Entretanto, eis que o (ex)aliado de Moro, e que é preciso e necessário divulgar, ainda falava e fala pelas forças de direita, pelos agentes de mercado, o capital e/ou a burguesia na boa teoria socialista clássica, (ele foi um contundente defensor das reformas previdenciárias contra funcionários públicos em São Paulo), e pelos conservadores do momento parte em uma viagem para a Ucrânia, junto com Renan dos Santos (e seu rosto menino de baladeiro das boas casas noturnas de São Paulo). Lá, no país com sua população, a maioria de trabalhadores e setores médios sofrendo a realidade de uma guerra não planejado por eles, muito pelo contrário, ele “revela” a que tipo de grupo e setor político e social estamos a enfrentar. Misoginia será pouco para qualificarmos as palavras de Arthur do Val (que diga-se alguns setores fingem que não é com eles de que se trata, é vergonhoso como meios de comunicação e outros setores do espectro político trataram o caso, se fosse alguém de esquerda que no Brasil se quer pode cometer o menor deslize, mesmo que de avaliação sincera e de tomada de posição as exigências seriam bem outras).

O chefe do MBL (Movimento Brasil Livre), que tramou junto aos seus – a saber, o próprio Sérgio Moro, Aécio Neves, o Vem pra Rua, Kim Kataguiri, Brasil Paralelo, o Instituto Mises, o Instituto Millenium, Eduardo Cunha, Pondé e outros colunistas de livre pensamento e democratas (são tantos), os economistas das muitas XP’s espalhadas pelas Farias Limas a fora (André Esteves do BTG à frente), Olavo de Carvalho, PSDB, DEM, Jair Bolsonaro e o espírito-Ulstra – a deposição de Dilma Rousseff, um golpe palaciano lapidado como quem lápida cuidadosamente uma pedra de diamante para a Vivara (e que agora, claro, exercita a diversidade racial), com a idêntica alma-santa que o fez mentir e criar Fake News sobre Marielle Franco, mas à época a santa aliança deu de ombros, foi à Ucrânia demonstrar de fato o que pretende como político brasileiro.
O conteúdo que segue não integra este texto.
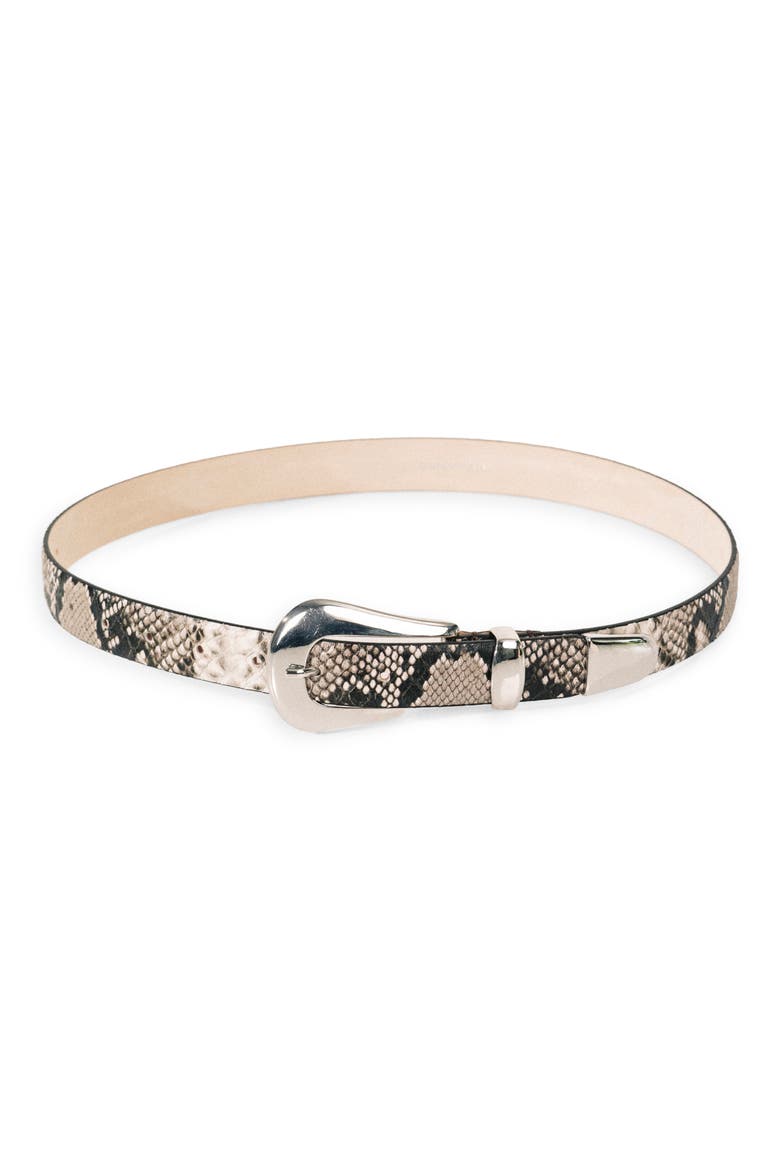 Colette Snake Embossed Leather Belt, Main, color, IVORYBROWN SNAKESKIN/SILVER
Quer, não nos esqueçamos disso, o esmagamento prático e simbólico de todos os subalternos: mulheres, negros, trabalhadores, LGBTQI+ e indígenas. Lembrar que há 1500 dias Marielle nos deixou pelas mãos e mentes de figuras-tipo como Arthur do Val e seus consortes, novamente entendidas as coisas ponderadamente, ou seja, cultivarmos a memória como irrupção do passado no presente-futuro, pode nos levar não só a redimir a vereadora negra de esquerda, como a de todas e todos que caíram e caem na luta de classes-raça árdua, às do cotidiano e às da emancipação radical.

*Ronaldo Tadeu de Souza é pesquisador de pós-doutorado no Departamento de Ciência Política da USP.